History of the Peloponnesian War

Thucydides

Thucydides. The English works of Thomas Hobbes of Malmesbury. Hobbes, Thomas. translator. London: John Bohn, 1843.

But the Syracusians and their confederates, being out already with the same number of galleys they had before, disposed part of them to the guard of the open passage and the rest in circle about the haven, to the end they might fall upon the Athenians from all parts at once, and that their land forces might withal be near to aid them wheresoever the galleys touched. In the Syracusian navy commanded Sicanus and Agatharchus, each of them over a wing; and Pythen, with the Corinthians, had the middle battle.

After the Athenians were come to the lock of the haven, at the first charge they overcame the galleys placed there to guard it, and endeavoured to break open the bars thereof. But when afterwards the Syracusians and confederates came upon them from every side, they fought not at the lock only but also in the haven itself; and the battle was sharp, and such as there had never before been the like.

For the courage wherewith the mariners on both sides brought up their galleys to any part they were bidden was very great, and great was the plotting and counterplotting and contention one against another of the masters; also the soldiers, when the galleys boarded each other, did their utmost to excel each other in all points of skill that could be used upon the decks; and every man, in the place assigned him, put himself forth to appear the foremost.

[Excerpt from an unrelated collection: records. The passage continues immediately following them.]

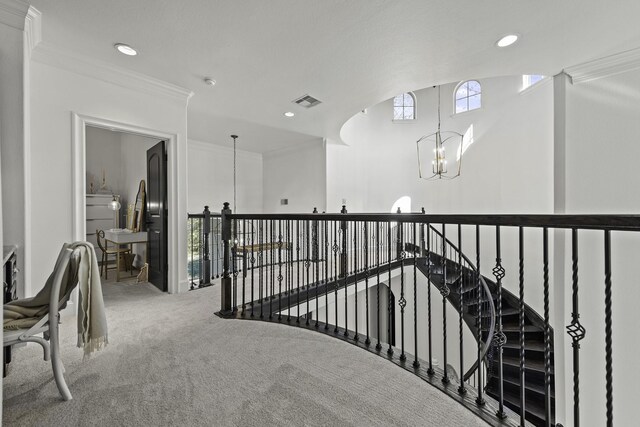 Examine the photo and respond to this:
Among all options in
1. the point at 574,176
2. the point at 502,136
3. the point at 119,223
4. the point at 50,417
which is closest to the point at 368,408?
the point at 50,417

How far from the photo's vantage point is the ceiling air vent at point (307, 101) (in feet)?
13.7

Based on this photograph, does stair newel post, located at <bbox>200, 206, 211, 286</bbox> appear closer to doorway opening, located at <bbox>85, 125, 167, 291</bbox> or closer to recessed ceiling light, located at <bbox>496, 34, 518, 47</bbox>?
doorway opening, located at <bbox>85, 125, 167, 291</bbox>

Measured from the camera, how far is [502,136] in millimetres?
6125

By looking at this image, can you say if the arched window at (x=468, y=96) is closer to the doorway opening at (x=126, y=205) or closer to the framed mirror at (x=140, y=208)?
the doorway opening at (x=126, y=205)

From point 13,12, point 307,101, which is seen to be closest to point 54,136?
point 13,12

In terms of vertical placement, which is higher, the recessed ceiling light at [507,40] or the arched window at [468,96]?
the arched window at [468,96]

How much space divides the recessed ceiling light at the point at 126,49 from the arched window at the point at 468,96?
685cm

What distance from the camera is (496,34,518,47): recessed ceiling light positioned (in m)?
2.76

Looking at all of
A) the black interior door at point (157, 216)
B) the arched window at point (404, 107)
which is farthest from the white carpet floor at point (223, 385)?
the arched window at point (404, 107)

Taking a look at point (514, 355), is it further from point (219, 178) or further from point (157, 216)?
point (219, 178)

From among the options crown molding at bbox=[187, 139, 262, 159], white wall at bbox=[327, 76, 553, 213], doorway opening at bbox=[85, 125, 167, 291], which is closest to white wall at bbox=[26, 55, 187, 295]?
doorway opening at bbox=[85, 125, 167, 291]

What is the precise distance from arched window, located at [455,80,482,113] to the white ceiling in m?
3.57

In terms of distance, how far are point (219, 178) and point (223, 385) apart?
5.95m

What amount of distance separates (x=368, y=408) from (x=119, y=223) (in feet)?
23.2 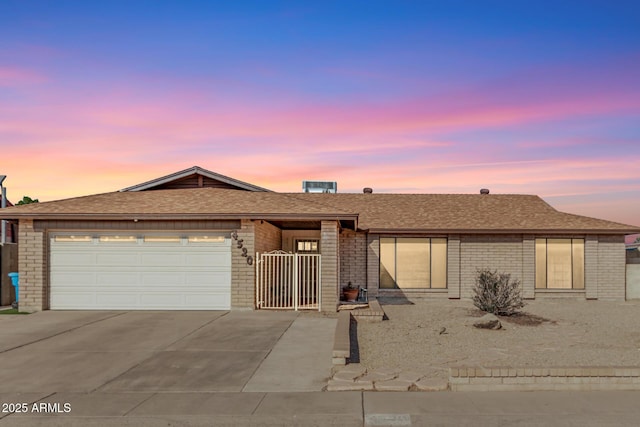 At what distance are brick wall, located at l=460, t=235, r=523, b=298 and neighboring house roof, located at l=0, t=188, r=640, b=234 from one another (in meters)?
0.62

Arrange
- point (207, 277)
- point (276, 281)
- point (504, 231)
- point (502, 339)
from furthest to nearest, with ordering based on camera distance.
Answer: point (504, 231) < point (276, 281) < point (207, 277) < point (502, 339)

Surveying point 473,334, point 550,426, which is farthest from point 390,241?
point 550,426

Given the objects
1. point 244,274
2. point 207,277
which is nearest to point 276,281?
point 244,274

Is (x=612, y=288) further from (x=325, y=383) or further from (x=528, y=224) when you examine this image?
(x=325, y=383)

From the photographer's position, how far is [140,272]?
752 inches

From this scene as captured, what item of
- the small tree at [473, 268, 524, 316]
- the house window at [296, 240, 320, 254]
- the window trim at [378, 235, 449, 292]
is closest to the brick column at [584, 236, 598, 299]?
the window trim at [378, 235, 449, 292]

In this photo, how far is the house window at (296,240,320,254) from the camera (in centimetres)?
2699

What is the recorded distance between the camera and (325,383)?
9.64m

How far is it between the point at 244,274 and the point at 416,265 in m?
8.79

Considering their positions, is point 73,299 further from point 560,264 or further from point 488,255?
point 560,264

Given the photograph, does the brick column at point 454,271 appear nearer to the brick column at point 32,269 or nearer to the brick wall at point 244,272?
the brick wall at point 244,272

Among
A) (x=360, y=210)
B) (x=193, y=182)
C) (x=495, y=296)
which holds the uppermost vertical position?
(x=193, y=182)

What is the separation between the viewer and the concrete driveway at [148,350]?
32.3 feet

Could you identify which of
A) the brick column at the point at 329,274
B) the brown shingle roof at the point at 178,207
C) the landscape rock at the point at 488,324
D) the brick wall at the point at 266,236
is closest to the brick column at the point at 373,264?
the brick wall at the point at 266,236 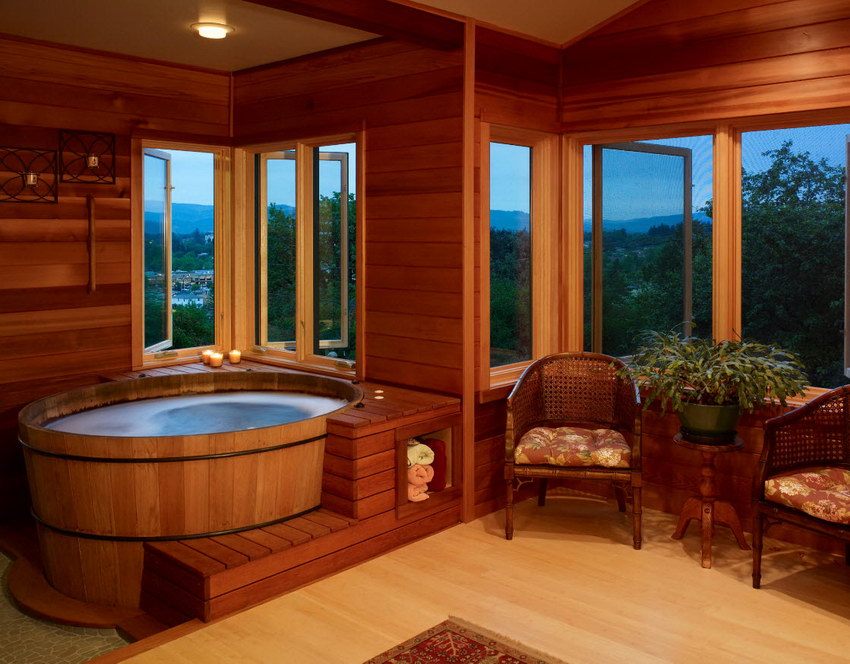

But many galleys falling close together in a narrow compass (for they were the most galleys that in any battle they had used, and fought in the least room, being little fewer on the one side and the other than two hundred), they ran against each other but seldom, because there was no means of retiring nor of passing by, but made assaults upon each other oftener, as galley with galley, either flying or pursuing, chanced to fall foul.

And as long as a galley was making up, they that stood on the decks used their darts and arrows and stones in abundance; but being once come close, the soldiers at hand-strokes attempted to board each other.

And in many places it so fell out, through want of room, that they which ran upon a galley on one side were run upon themselves on the other; and that two galleys, or sometimes more, were forced to lie aboard of one; and that the masters were at once to have a care, not in one place only but in many together, how to defend on the one side and how to offend on the other; and the great noise of many galleys fallen foul of one another both amazed them and took away their hearing of what their directors directed.

For they directed thick and loud on both sides, not only as art required but out of their present eagerness; the Athenians crying out to theirs to force the passage, and now if ever valiantly to lay hold upon their safe return to their country; and the Syracusians and their confederates to theirs, how honourable a thing to every one of them it would be to hinder their escape and by this victory to improve every man the honour of his own country.

Moreover, the commanders of either side, where they saw any man without necessity to row a-stem, would call unto the captain of the galley by his name and ask him, the Athenians, whether he retired because he thought the most hostile land to be more their friend than the sea, which they had so long been masters of; the Syracusians theirs, whether when they knew that the Athenians desired earnestly by any means to fly, they would nevertheless fly from the flyers.